Сначала вышла блоха; она держала себя в высшей степени мило и раскланялась на все стороны: в жилах ее текла аристократическая кровь, и вообще она привыкла иметь дело с людьми, а это ведь что-нибудь да значит!
Потом вышел кузнечик; он был, конечно, потяжеловеснее, но тоже очень приличен на вид и одет в зеленый мундир, – он и родился в мундире. Кузнечик говорил, что происходит из очень древнего рода, из Египта, и поэтому в большой чести в здешних местах: его взяли прямо с поля и посадили в трехэтажный карточный домик, который был сделан из одних фигур, обращенных лицевою стороной вовнутрь; окна же и двери в нем были прорезаны в туловище червонной дамы.
– Я пою, – прибавил кузнечик, – да так, что шестнадцать здешних сверчков, которые трещат с самого рожденья и все-таки не удостоились карточного домика, послушав меня, с досады похудели!

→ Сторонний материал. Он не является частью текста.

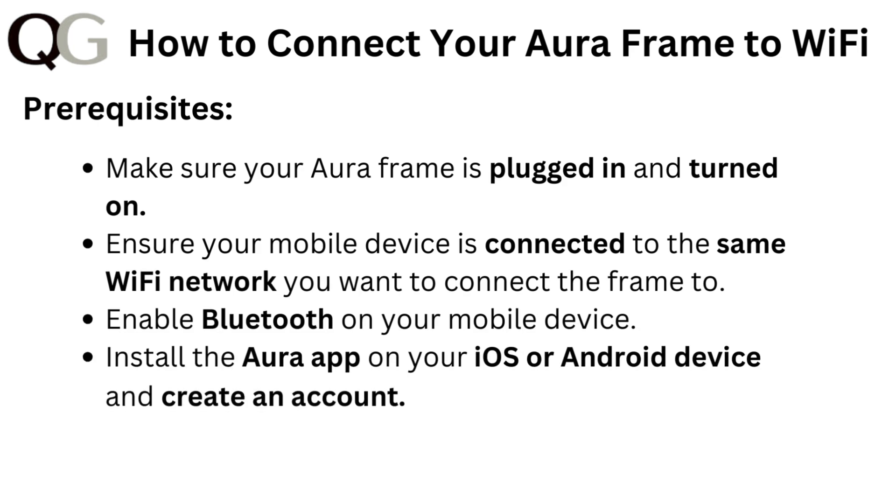Pre-requisites: make sure your Aura frame is plugged in and turned on. Ensure your mobile device is connected to the same Wi-Fi network you want to connect the frame to. Enable Bluetooth on your mobile device, install the Aura app on your iOS or Android device and create an account.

И блоха и кузнечик полагали, таким образом, что достаточно зарекомендовали себя в качестве приличной партии для принцессы.
Гусек-скакунок не сказал ничего, но о нем говорили, что он зато много думает. А придворный пес, как только обнюхал его, так и сказал, что гусек-скакунок – из очень хорошего семейства. Старый же придворный советник, который получил три ордена за умение молчать, уверял, что гусек-скакунок отличается пророческим даром: по его спине можно узнать, мягкая или суровая будет зима, а этого нельзя узнать даже по спине самого составителя календарей!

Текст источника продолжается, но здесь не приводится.